Exemption from IMT and Stamp Tax: Savings Accounts for Young People Up to Age 35


Are you 35 or younger and looking to buy a home? Then we have some good news for you!

Given the great difficulty young people face in purchasing a home in Portugal, the government approved, at a meeting of the Council of Ministers, amendments to real estate legislation that, among other things, include a a government guarantee for mortgage loans and an exemption from the IMT (Municipal Tax on the Transfer of Real Estate for Consideration) and the Stamp Tax.
Let's start by looking at what this government guarantee entails.

A young couple holding the key to their new home

What is the Public Guarantee for home loans for young people up to age 35?

In practice, this government guarantee makes it possible to young people up to age 35 consider the government as a kind of “guarantor” when applying for a mortgage to purchase a property worth up to a maximum amount of 450,000 euros, which will make it easier to get the loan approved by the bank.

In addition to the buyer being limited to 35 years of age or younger, the rules for this assistance—which can cover up to 15% of the property’s market value (67,5 mil euros)—require that the home in question be used as a permanent residence and that the borrower(s) under the contract do not fall into a tax bracket higher than the 8th IRS bracket.

This government guarantee of up to 15% of the loan amount is ultimately extremely important because, according to the rules of the Bank of Portugal, real estate financing offered by banks and credit institutions has a maximum of 90%, which required borrowers to contribute the remaining 10%.

Now, with this guarantee, if, for example, you want to purchase a property with a sale price and an appraised value of 240,000 euros, the bank will finance up to a maximum of 216,000 euros, with the remaining 24,000 euros covered by the government.

As we have emphasized, this public guarantee is accompanied by an exemption from property transfer tax (IMT) and an exemption from stamp duty—measures and their practical implications that we will now explore.

IMT Exemption

What is IMT?

IMT or Municipal Tax on the Transfer of Real Estate for Consideration, is a tax paid to the government on real estate purchases, the amount of which varies depending on the property’s taxable value (VPT), its location, its intended use, and the applicable rate (ranging from 1% to 8%).
Given these factors, the IMT is generally the most expensive of all the taxes you will have to pay when purchasing your first permanent home, which makes this exemption measure, proposed by the government, essential in terms of access to credit and housing.

Who is eligible for the IMT exemption?

Under this measure, which took effect on August 1, young people up to age 35 who purchase a home for their own permanent residence up to the 4th IMT bracket (316,722 euros) will be able to take advantage of the exemption from paying this tax.
If the value exceeds 316,722 euros, the full exemption no longer applies.
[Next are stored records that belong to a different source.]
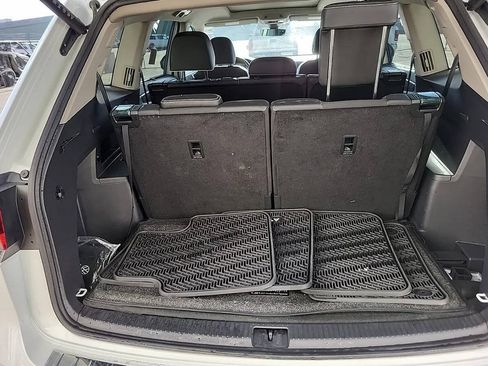 Used 2025 Volkswagen Atlas SEL Premium R-Line AWD/4WD image 12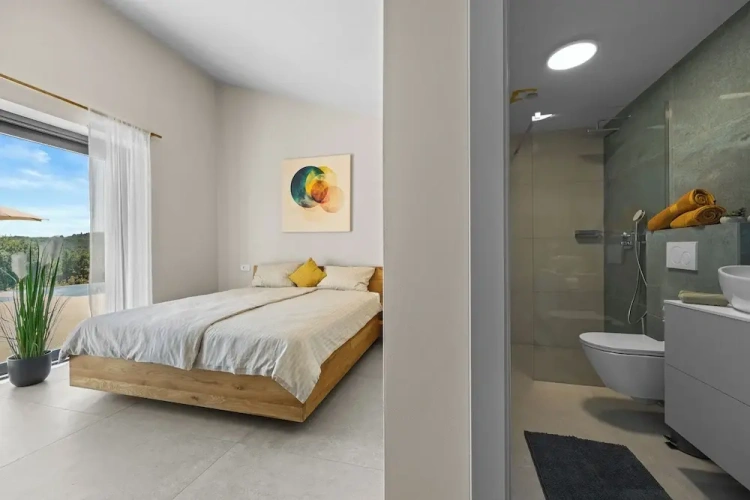 4 Bedrooms Villa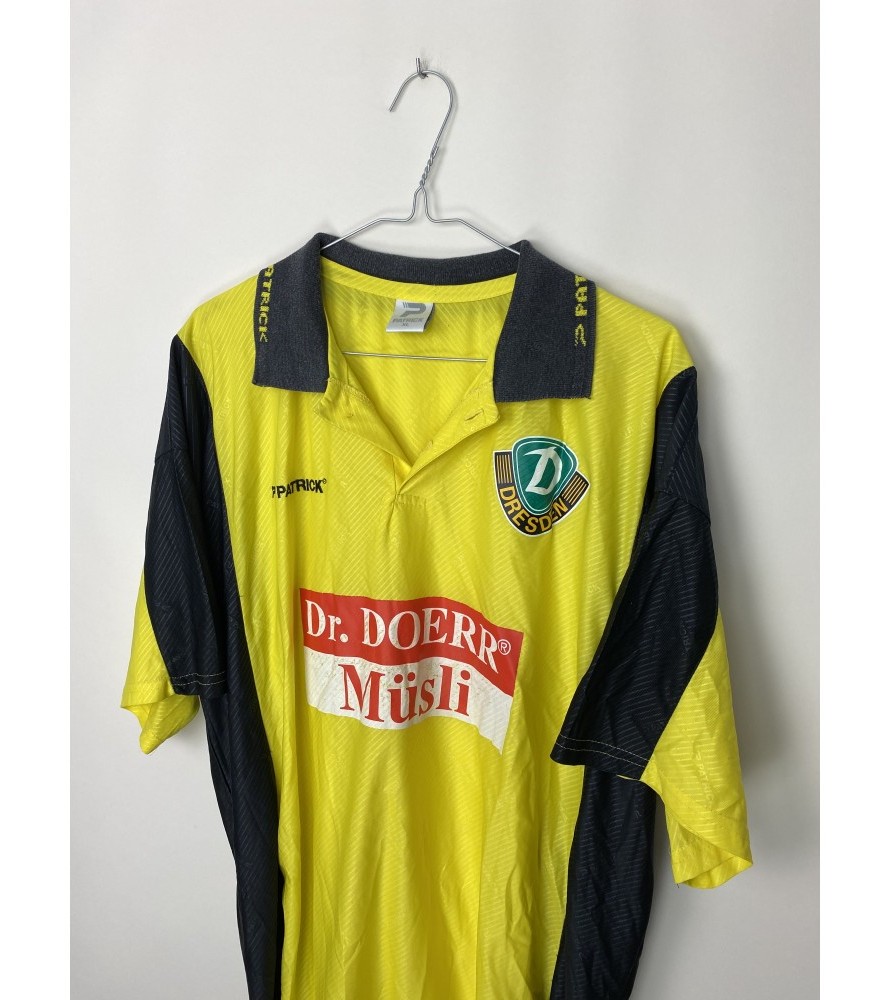 Dynamo Dresden 1997-98 Home Kit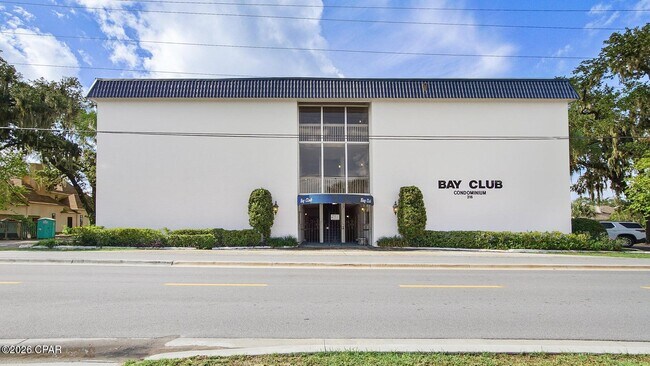 Building Photo - 316 Cherry St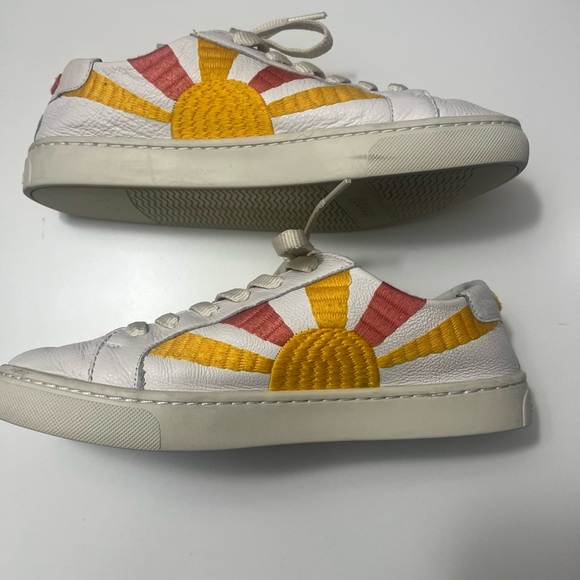 Soludos Shoes - Soludos Women's Good Vibes Rainbow Wave White Sneakers Shoes Sz 8.5 US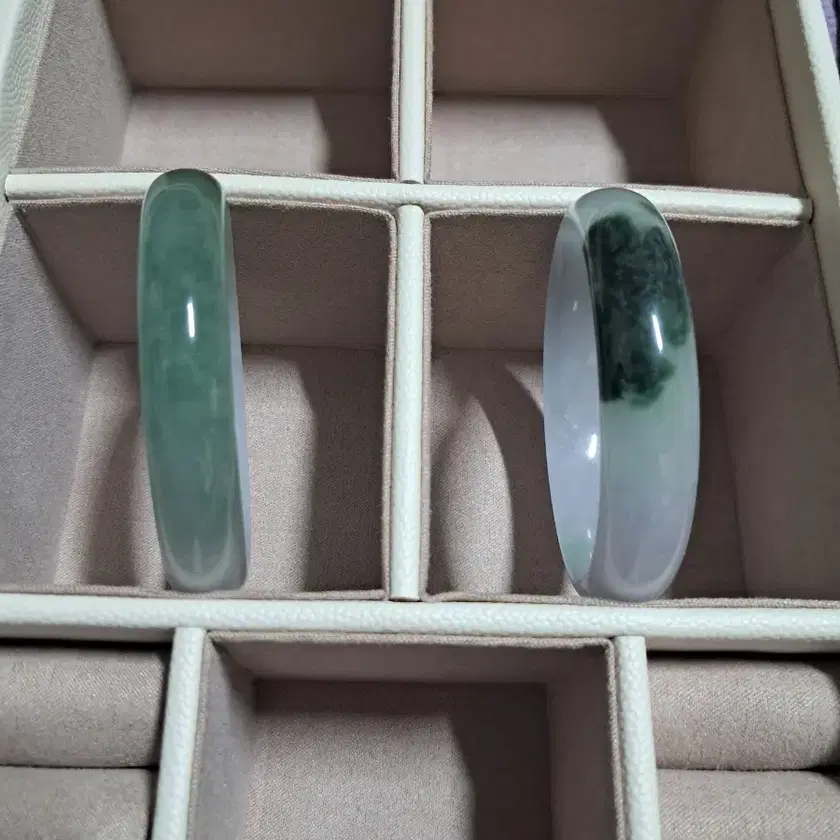 Jade bracelet, new #비취,#옥,#팔찌,#비취팔찌,#옥팔찌 on Bunjang Global Site.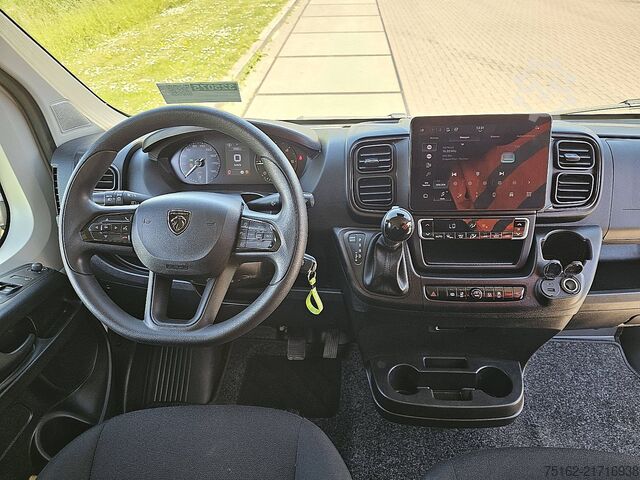 High-roof van PEUGEOT BOXER 2.2 L4H2 Automaat Navi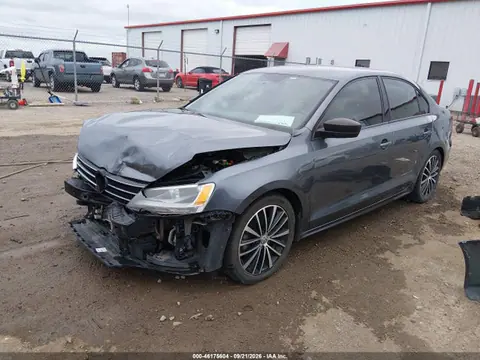 2016 Volkswagen Jetta 1.8t Sport VIN 3VWD17AJ8GM291155 фото 2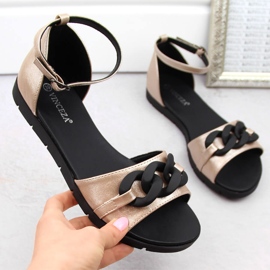 Női lapos szandál lánccal, arany Vinceza 17320 aranysárga 1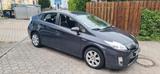 Toyota Prius 1.5-l-VVT-i Sol inkl. Thule Fahrradträger - Toyota Prius Sol mit Hybrid-Antrieb (Benzin/Elektro)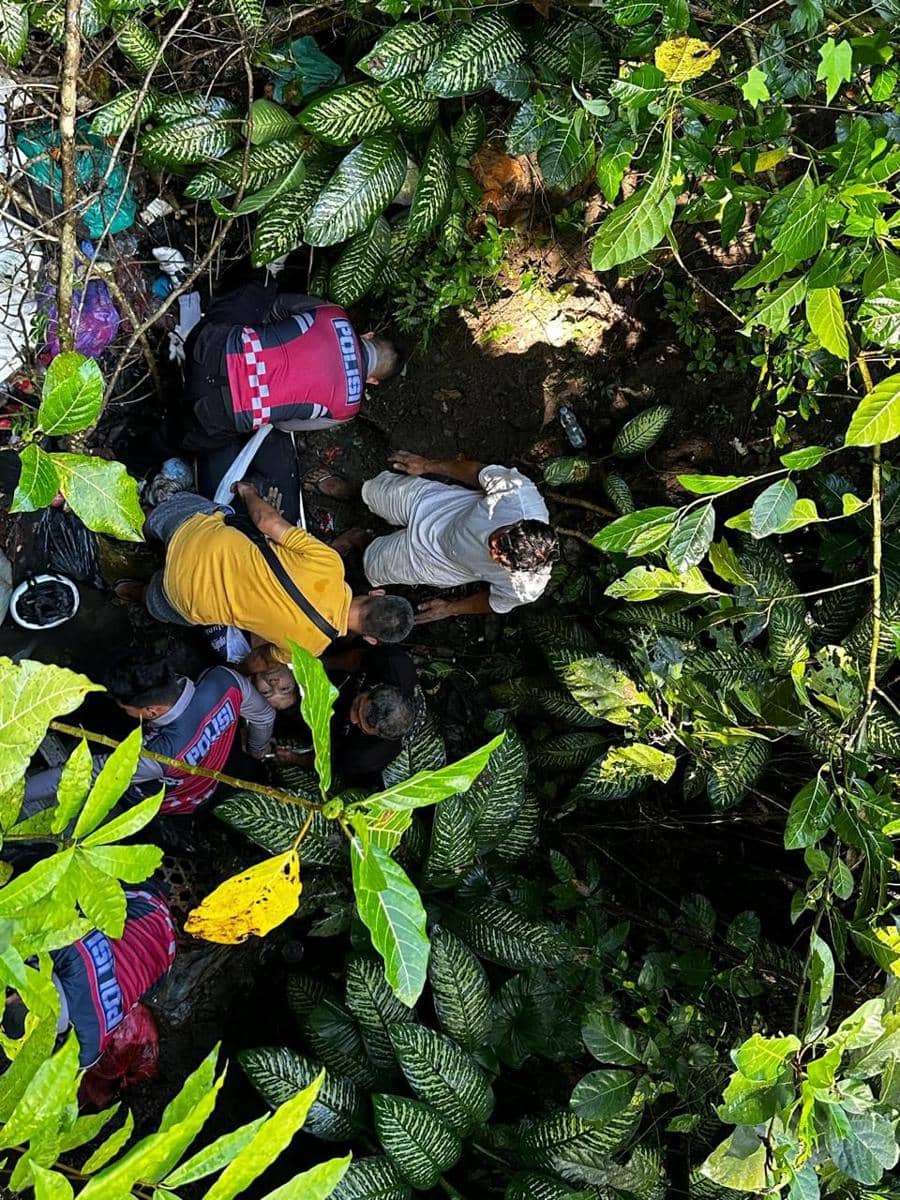 Proses evakuasi pesepeda yang jatuh ke jurang di Tabanan (Dok.IDNTimes/Istimewa)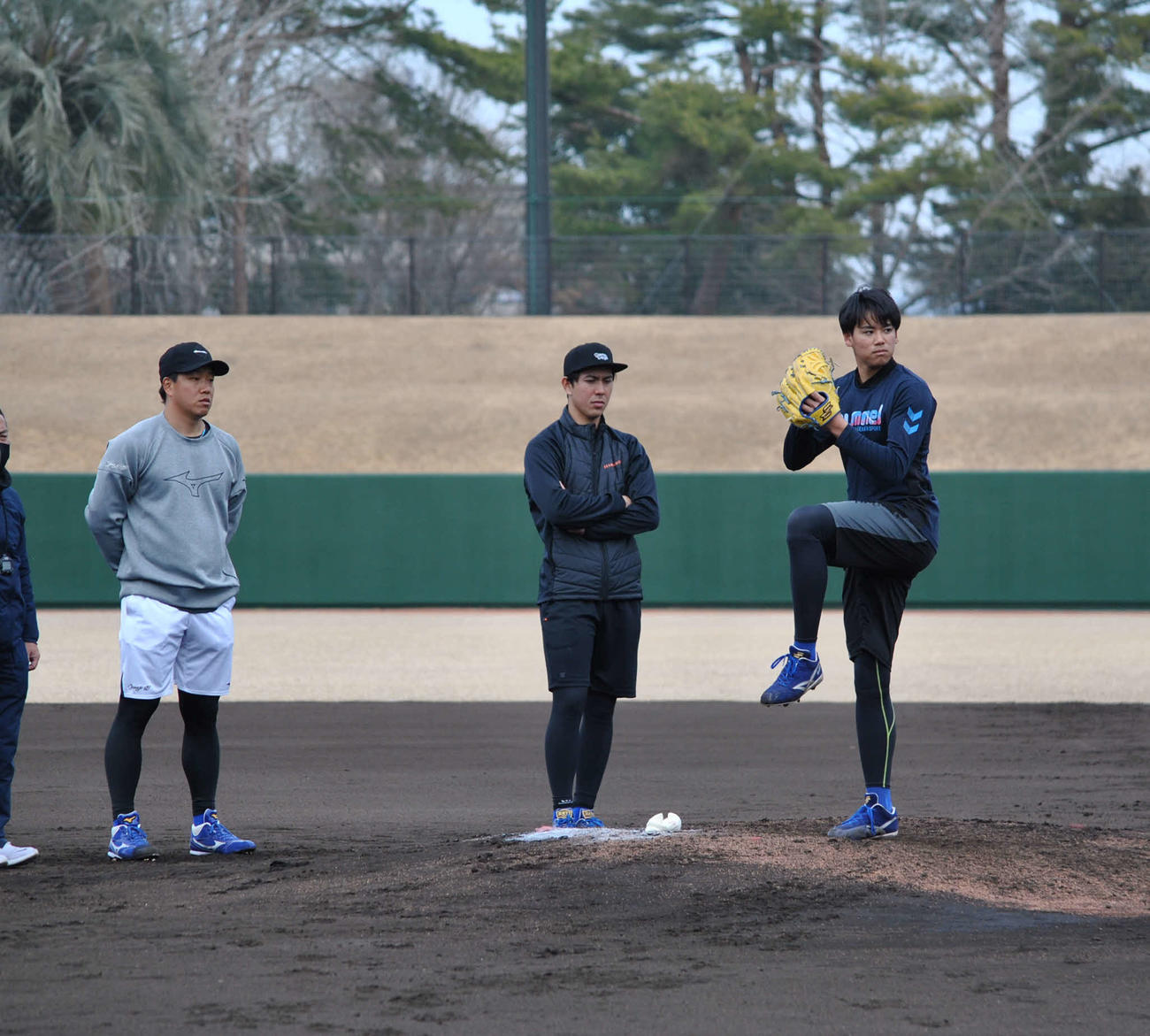 後輩松木平の投球練習を見守る中日柳（左）中央はマルク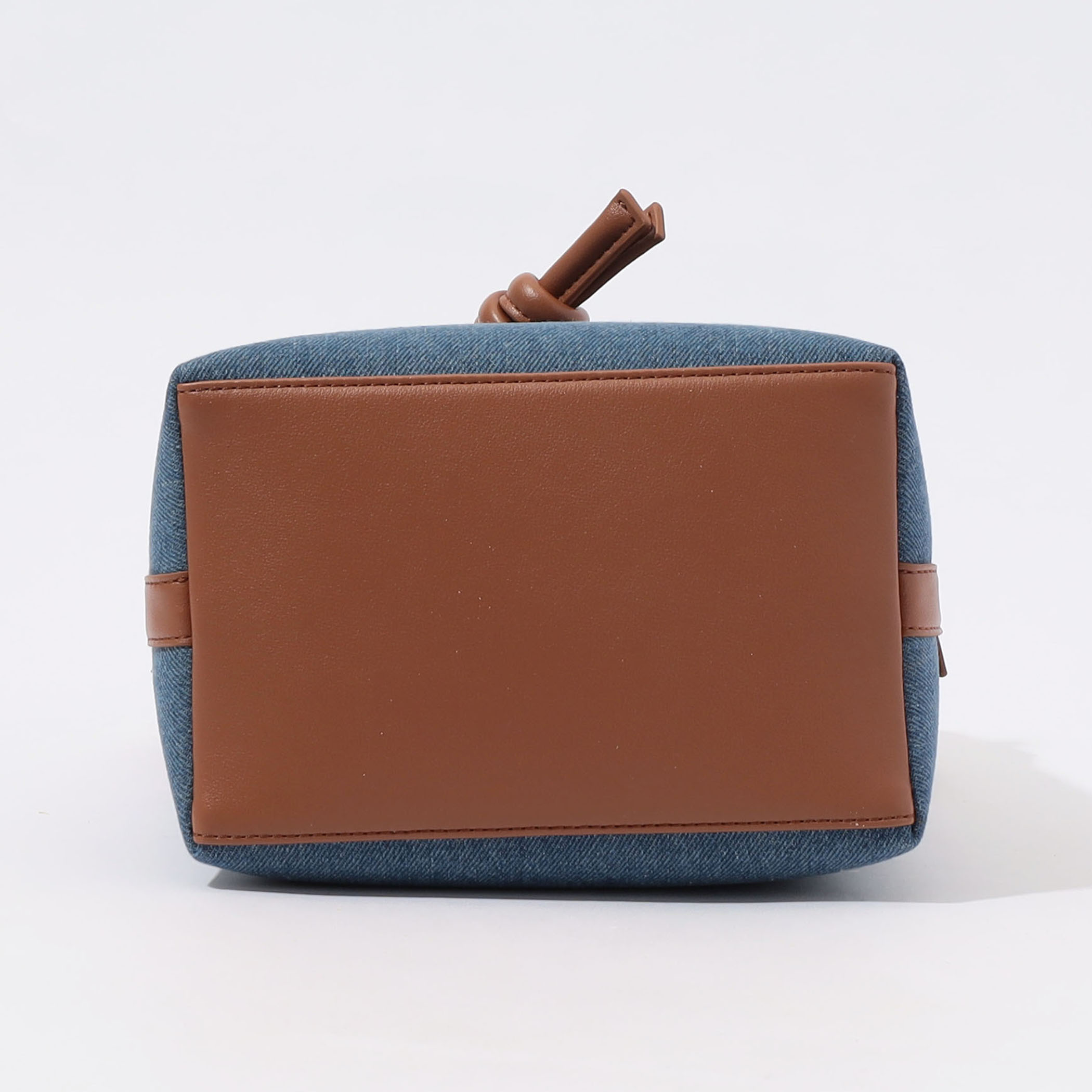 □【別注】VASIC BOND MINI ハンドバッグ｜トゥモローランド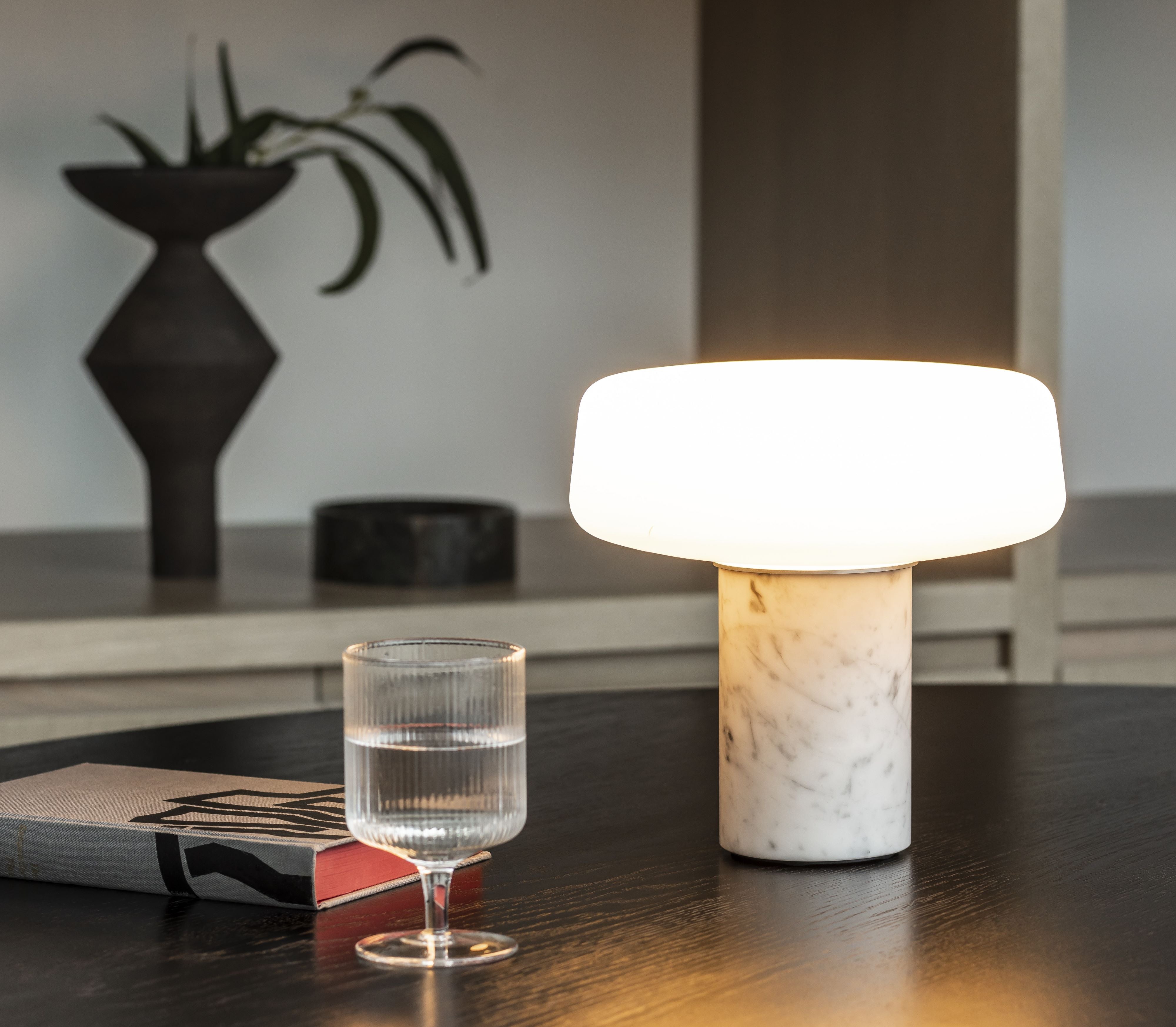 #CaseChoice: Solid Rechargeable Table Light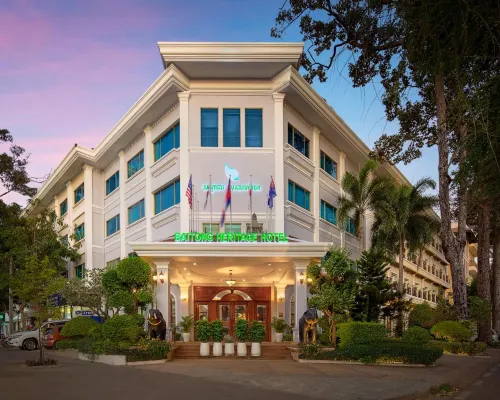 โรงแรมอังกอร์ ฮอลิเดย์ โรงแรมใกล้พระราชวัง กัมพูชา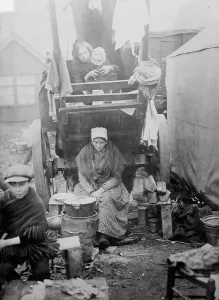Displacement Prints: Belgian Refugees, at Bergen-op-zoom, between c1914 and c1915. Creator: Bain News Service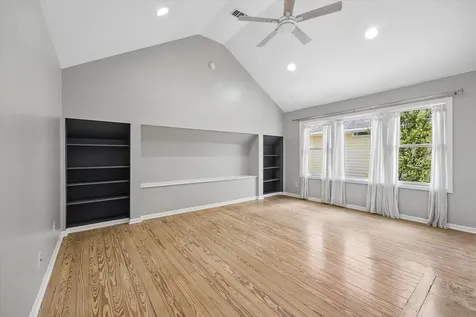 1907 Norfolk Street B Houston TX 77098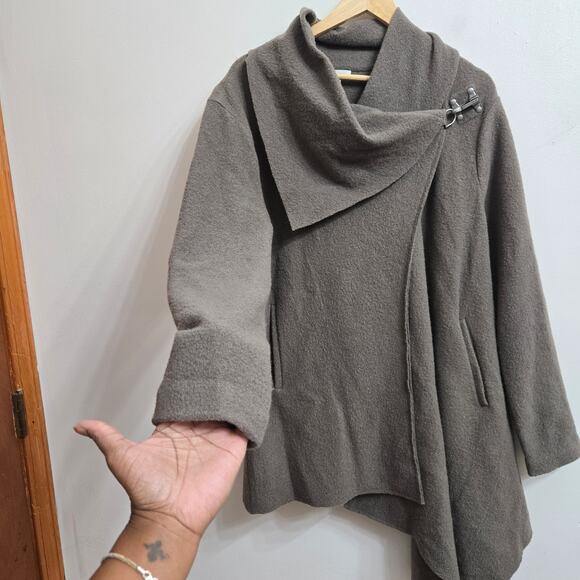 Garnet Hill Women Lagenlook Minimal Boiled Wool Asymmetrical Drape Wrap Coat 10P - Picture 5 of 12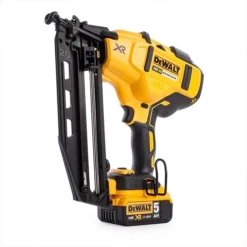 Dewalt DCN660P2 18V XR Finish Nailer 16 Gauge 32-63mm 2 X 5.0Ah Batteries -DeWALT || Draper || Bosch Sales Store 0102935 700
When purchasing a property valued at up to 633,453 euros, young people up to age 35 will only have to pay the IMT corresponding to the amount above 316,722 euros.

Stamp Tax Exemption

What is the Stamp Tax, and how much is it?

Stamp Tax is a consumption tax on transactions or contracts to which VAT does not apply.

In practice, this tax is levied on all acts, contracts, documents, papers, securities, or other legal situations listed in the General Stamp Tax Schedule, including loans, lease agreements, games of chance, and other financial transactions.

In terms of amounts, the stamp tax varies depending on the type of contract, the legal act in question, and the timeframes involved, among other factors.

In the case of a real estate purchase agreement—specifically a mortgage agreement—you will be required to pay stamp tax on two occasions: the first at the time the deed is executed, and the second when the funds are deposited into your account.

For this type of loan, the fee applicable to the deed is 0,8% whereas when the loan proceeds are received, the rate may be either 0,5% if the term is between 1 and 5 years, such as 0.6% if it is longer than 5 years.

In addition to these payments, you will also have to pay stamp tax on bank fees, at a rate that is typically 4%.

All in all, stamp duty costs are a heavy burden for most young people who want to buy their own home. Or at least they were… until now.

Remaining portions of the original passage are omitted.